We looked a little further into why. The window in which the MateBook E can use the CPU’s turbo mode seems to last no more than a second or so, after which it settles down at around 12W of power use. This is actually less than the Intel Core i5-1130G7 is capable of, showing Huawei had to further rein the processor in to match the hardware.
Meanwhile, the Surface Pro 8 we have in is happy to coast along drawing 21-22W. Talk of watts is nerdy stuff, we get it, but it’s also a very clear way to back up our take that the 16GB RAM of the higher-end Huawei MateBook E is actually a bit of a smokescreen.
On paper, it sounds powerful, but you shouldn’t expect the Huawei MateBook E to handle much more than the basics. It’s fab for web browsing, simple productivity app use and even some Photoshop image editing. But you shouldn’t buy one if you want to edit videos, play games or create music using a pro-grade app like Reason.
The Microsoft Surface Pro 8 is going to be much better for those jobs (even if it still wouldn’t be our choice). CPU power is much lower than the iPad Pro’s and is actually quite similar to that of the base iPad.
It also makes us question whether it’s a good idea for anyone to buy the top-end version of the Huawei MateBook E. The much cheaper Core i3 version is likely to perform similarly with simple jobs, making its limited 128GB storage the main issue.
When doing something more taxing than writing documents with the Huawei MateBook E, you’ll likely start to hear the internal fan spinning. It generates little noise, but the sound is quite obvious, as it is higher in pitch than the fan of a proper laptop. It’s also simply unusual to hear fans in something that looks like an Android tablet.
Battery life and connections
- 42Wh battery
- Around 4.5-hour battery life
- USB-C charging
So, the Huawei MateBook E is not as powerful as one might hope. Still, though, that battery-sipping style has to lead to great battery life, right?
It doesn’t. Streaming video from YouTube with the Huawei MateBook E lasts around four and a half hours – far shorter than the Surface Pro 8’s battery life and utterly rubbish among more traditional tablets.
Charging is also a pain if you use the Huawei MateBook E as a laptop because it only has one connector, a USB-C. This means you can’t plug anything else in while it’s on charge unless you get a USB-C dock with power passthrough.
It is more proof that the Huawei MateBook E design was approached more like a tablet with accessories, rather than a true laptop-tablet hybrid.
Let’s not end this review on a downer, though. There’s still some good stuff to talk about.
The Huawei MateBook E has a much better webcam than the vast majority of laptops, with its 8MP camera and image quality comparable with that of a Surface Pro 8. Its rear 13MP camera is pretty poor, but we’ve ended up ignoring it 99% of the time.

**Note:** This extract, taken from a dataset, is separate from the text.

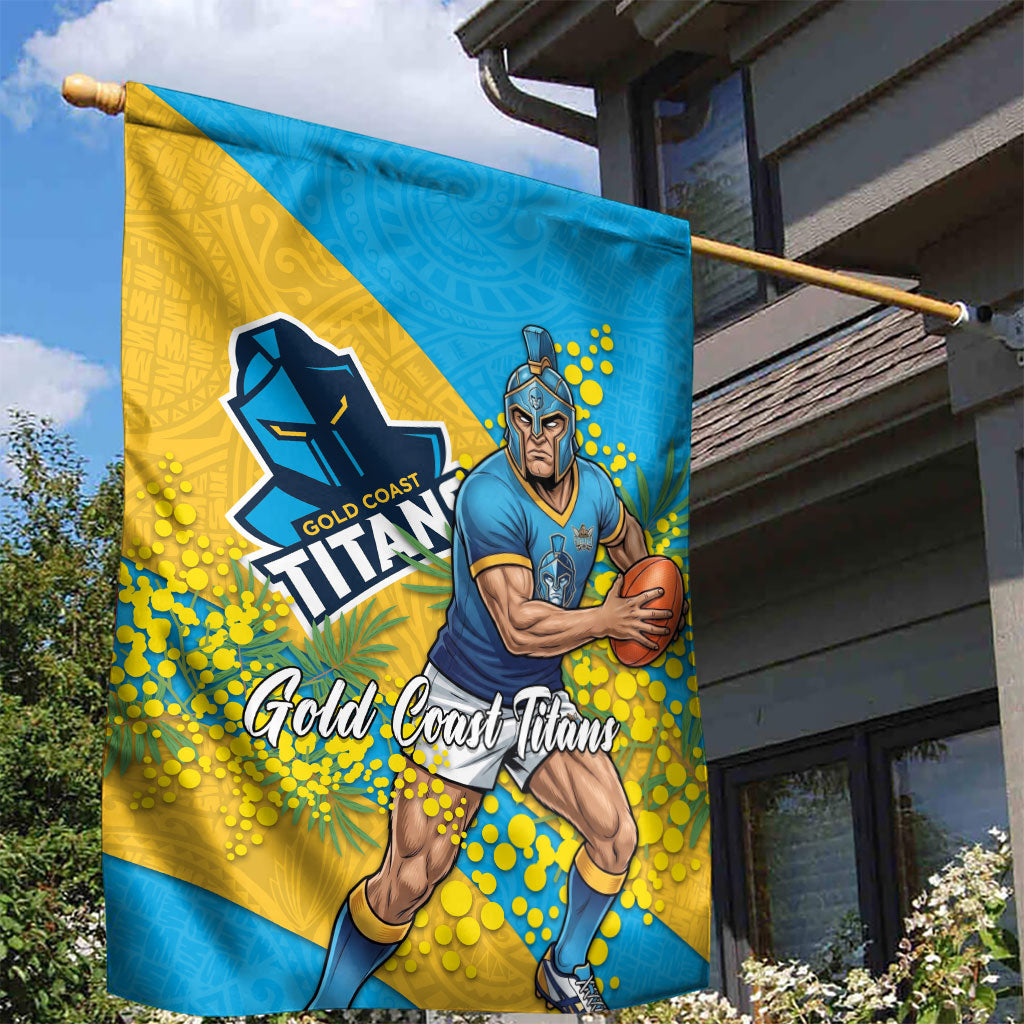 Gold Coast Titans Garden Flag Golden Wattle Floral Polynesian - Australian Flower - Rugby Mascot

This tablet also has monster speakers that are liable to rip your head off if you accidentally start playing something at max volume.
While the treble and upper mids can be a little abrasive with certain content when the volume is high, the sheer scale of the Huawei MateBook E’s audio impresses, as does the weight of the bass. These speakers make those of the average 3kg gaming laptop seem pretty pathetic.